-- Opening Marker --

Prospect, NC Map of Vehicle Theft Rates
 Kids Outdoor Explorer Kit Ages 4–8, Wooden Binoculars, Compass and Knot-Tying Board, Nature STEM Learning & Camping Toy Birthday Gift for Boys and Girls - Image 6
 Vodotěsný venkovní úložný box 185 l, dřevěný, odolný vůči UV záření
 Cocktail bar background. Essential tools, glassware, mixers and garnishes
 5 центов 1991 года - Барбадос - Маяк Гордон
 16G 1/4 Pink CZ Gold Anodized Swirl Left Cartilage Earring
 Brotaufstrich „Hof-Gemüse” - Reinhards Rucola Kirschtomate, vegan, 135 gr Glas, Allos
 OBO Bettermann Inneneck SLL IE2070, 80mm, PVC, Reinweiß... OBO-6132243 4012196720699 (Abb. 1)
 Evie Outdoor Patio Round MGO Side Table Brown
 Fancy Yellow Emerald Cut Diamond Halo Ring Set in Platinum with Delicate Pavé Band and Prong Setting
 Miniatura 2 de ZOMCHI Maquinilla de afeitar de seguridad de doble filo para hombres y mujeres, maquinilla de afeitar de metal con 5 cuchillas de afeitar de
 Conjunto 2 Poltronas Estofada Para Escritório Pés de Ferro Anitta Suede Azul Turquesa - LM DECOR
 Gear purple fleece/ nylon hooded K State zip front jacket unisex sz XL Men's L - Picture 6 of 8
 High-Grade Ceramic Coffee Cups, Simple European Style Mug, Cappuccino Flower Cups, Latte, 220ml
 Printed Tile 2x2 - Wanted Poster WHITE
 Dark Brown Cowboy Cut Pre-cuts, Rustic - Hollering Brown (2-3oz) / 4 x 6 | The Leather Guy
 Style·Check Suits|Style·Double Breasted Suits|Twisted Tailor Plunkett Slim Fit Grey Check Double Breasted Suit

-- Closing Marker --

== Work to complete ==
Both the first line of the records above and the line containing "Fancy Yellow Emerald" are to be transcribed exactly, together with every line between them, and nothing else.

== Response ==
Prospect, NC Map of Vehicle Theft Rates
 Kids Outdoor Explorer Kit Ages 4–8, Wooden Binoculars, Compass and Knot-Tying Board, Nature STEM Learning & Camping Toy Birthday Gift for Boys and Girls - Image 6
 Vodotěsný venkovní úložný box 185 l, dřevěný, odolný vůči UV záření
 Cocktail bar background. Essential tools, glassware, mixers and garnishes
 5 центов 1991 года - Барбадос - Маяк Гордон
 16G 1/4 Pink CZ Gold Anodized Swirl Left Cartilage Earring
 Brotaufstrich „Hof-Gemüse” - Reinhards Rucola Kirschtomate, vegan, 135 gr Glas, Allos
 OBO Bettermann Inneneck SLL IE2070, 80mm, PVC, Reinweiß... OBO-6132243 4012196720699 (Abb. 1)
 Evie Outdoor Patio Round MGO Side Table Brown
 Fancy Yellow Emerald Cut Diamond Halo Ring Set in Platinum with Delicate Pavé Band and Prong Setting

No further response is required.